Will Humans Retain Originality?

By: Keenan Billings

75% of adult US residents believe that Artificial Intelligence (AI) will decrease the number of American jobs over the next decade. However, the new and rapidly evolving technology, pioneered by online ‘generators’ like Midjourney, DALL-E, and Adobe’s Firefly, has a plethora of different uses and applications, which can be used to both enhance the artistic job market and lead to its downfall. On a broader scale, art created by self-taught intelligence with access to billions of online documents must be recognized as a tool that could render human creativity and input insignificant. Just one AI art ‘generator’ pulls from billions of online images, mixing and matching countless types of media to create an original image within seconds. Although artificial intelligence’s long-term impact relies largely on its ability to adapt and change, in the short term, art created by artificial intelligence will have destructive consequences for all artists, especially those working in sectors that already value individual influence little, such as graphic design or digital marketing.

Along with AI art’s detrimental effects on creativity and diversity, the technology also has major implications regarding the artistic sector’s economic health and viability. In 2023, China saw a 70% decrease in illustrator jobs, combined with a 40% spike in productivity. Artificial intelligence’s ability to cut back on employment costs while vastly increasing a company’s content output makes it a dangerously lucrative option for individual investors and businesses. AI-generated art also provides an economic safeguard for large companies by removing copyright law from the equation. On August 18, 2023, United States District Court Judge Beryl A. Howell denied copyright protection to art generated by artificial intelligence, specifying the absence of a “guiding human hand” in the AI-generated artwork’s creation as a driving force behind his ruling. By putting all AI-generated art in the public domain, Judge Beryl’s ruling is career-ending for many graphic designers, concept artists, advertisers, and more. This is because, with billions of images in the public domain, the demand for individual consumers and companies to contract graphic designers to do a job becomes low.

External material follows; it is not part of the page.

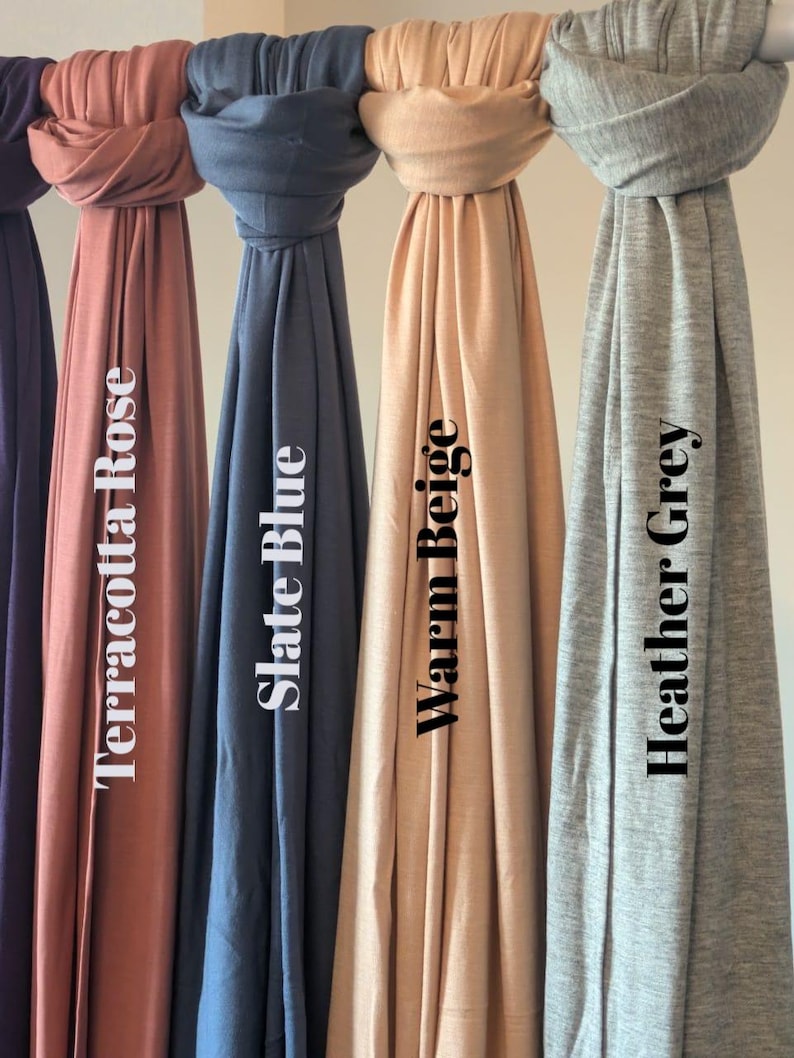 Jersey hijab for women, Muslim headscarf, soft stretchy hijab for daily wear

Along with its massive financial implications, the rise of AI-generated art has larger significance for all art and society as a whole. Humanity is now faced with an issue: within the reach of our fingertips, we hold the ability to create any digital image imaginable. As a species, do we have the maturity to cast our new, shiny tool aside to ensure we continue to innovate and be original? In 2006, acclaimed scholar Thomas Friedman announced that “the world is now flat.” He meant that, as the result of advances in technology, our world is as “flat” and easily traversable as humans believed it to be thousands of years ago. With artificial intelligence, humanity now has the opportunity to change Friedman’s flat world once again into one with a completely unchanging and uniform landscape, devoid of diversity and individual perspectives. 

Although artificial intelligence has many disastrous consequences, there is still hope for those whose jobs it could disrupt. AI can be used to automate certain tasks for artists, increasing productivity greatly while still holding the same value in the voice of the artist. AI also lets millions of people, specifically those unskilled with a pencil or paintbrush, create art simply by using the power of their words. AI art provides new creative and financial opportunities for both individuals and businesses alike, but it is up to the human race to decide to what level it consumes our workforces, businesses, and, ultimately, the originality of our species.